It goes on like this for quite a stretch, the last line is

/home/mtgd/cpp-test/env/lib/python3.7/site-packages/torch/include/c10/util/LeftRight.h:67:10: error: ‘typename std::result_of<F(const T&)>::type c10::LeftRight<T>::read(F&&) const [with F = c10::Dispatcher::doCallUnboxedOnly(const c10::DispatchTable&, const c10::LeftRight<ska::flat_hash_map<c10::TensorTypeId, c10::KernelFunction> >&, Args ...) const [with Return = at::Tensor; Args = {const at::Tensor&, c10::ArrayRef<long int>, c10::ArrayRef<long int>, c10::ArrayRef<long int>, c10::ArrayRef<long int>}]::<lambda(const ska::flat_hash_map<c10::TensorTypeId, c10::KernelFunction>&)>; T = ska::flat_hash_map<c10::TensorTypeId, c10::KernelFunction>; typename std::result_of<F(const T&)>::type = at::Tensor]’, declared using local type ‘c10::Dispatcher::doCallUnboxedOnly(const c10::DispatchTable&, const c10::LeftRight<ska::flat_hash_map<c10::TensorTypeId, c10::KernelFunction> >&, Args ...) const [with Return = at::Tensor; Args = {const at::Tensor&, c10::ArrayRef<long int>, c10::ArrayRef<long int>, c10::ArrayRef<long int>, c10::ArrayRef<long int>}]::<lambda(const ska::flat_hash_map<c10::TensorTypeId, c10::KernelFunction>&)>’, is used but never defined [-fpermissive]

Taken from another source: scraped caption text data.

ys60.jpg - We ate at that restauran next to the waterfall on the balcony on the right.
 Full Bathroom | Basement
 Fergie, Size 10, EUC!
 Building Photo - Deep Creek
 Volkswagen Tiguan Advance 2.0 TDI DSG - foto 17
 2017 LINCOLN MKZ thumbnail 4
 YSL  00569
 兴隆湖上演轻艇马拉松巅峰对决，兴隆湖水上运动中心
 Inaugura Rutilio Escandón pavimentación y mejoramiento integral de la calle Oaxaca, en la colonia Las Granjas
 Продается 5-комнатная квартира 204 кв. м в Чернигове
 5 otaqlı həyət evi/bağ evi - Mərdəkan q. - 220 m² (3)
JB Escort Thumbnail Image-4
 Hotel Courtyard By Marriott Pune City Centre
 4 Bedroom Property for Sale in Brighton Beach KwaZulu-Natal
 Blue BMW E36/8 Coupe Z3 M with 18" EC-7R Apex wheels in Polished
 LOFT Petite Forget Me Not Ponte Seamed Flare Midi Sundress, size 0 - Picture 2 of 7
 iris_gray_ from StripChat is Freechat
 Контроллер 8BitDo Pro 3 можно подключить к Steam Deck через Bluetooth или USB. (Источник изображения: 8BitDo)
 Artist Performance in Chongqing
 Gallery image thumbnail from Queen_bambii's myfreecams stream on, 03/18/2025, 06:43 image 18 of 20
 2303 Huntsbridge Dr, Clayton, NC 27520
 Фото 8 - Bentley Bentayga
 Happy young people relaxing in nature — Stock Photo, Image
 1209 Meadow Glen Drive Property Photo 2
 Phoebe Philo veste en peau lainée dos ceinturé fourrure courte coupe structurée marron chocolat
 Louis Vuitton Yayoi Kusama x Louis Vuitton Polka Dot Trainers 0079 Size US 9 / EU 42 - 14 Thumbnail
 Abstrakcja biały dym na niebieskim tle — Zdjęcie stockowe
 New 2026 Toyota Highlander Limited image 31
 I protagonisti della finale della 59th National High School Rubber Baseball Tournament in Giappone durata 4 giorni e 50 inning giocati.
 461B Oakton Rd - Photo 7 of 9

I’m not sure where to move from here. It doesn’t seem to matter what the content of the extension is. I get the same error even if the source script is completely empty (except for the include).
In case the full error message would be useful, please let me know.
Thanks for your time!

Ho it’s the first time I see this one. What is your gcc version? We increased the minimum version to 5+ recently to be able to use advanced cpp features for the dispatcher (which seems to be where the error comes from).

My gcc version is 9.2.0 (GCC), that shouldn’t be the issue.

cc @Sebastian_Messmer may have a better idea why this might happen?

I’ve just tried the same thing as above in multiple configurations (the nightly version did install with CUDA on Ubuntu):

  • Arch linux, torch 1.2, python 3.8, no CUDA
  • Ubuntu, torch 1.3, python 3.6, CUDA 10.1
  • Ubuntu, nightly build, python 3.6, CUDA 10.1

In all cases backward hangs.

It would already be useful to know whether anyone has got this to run.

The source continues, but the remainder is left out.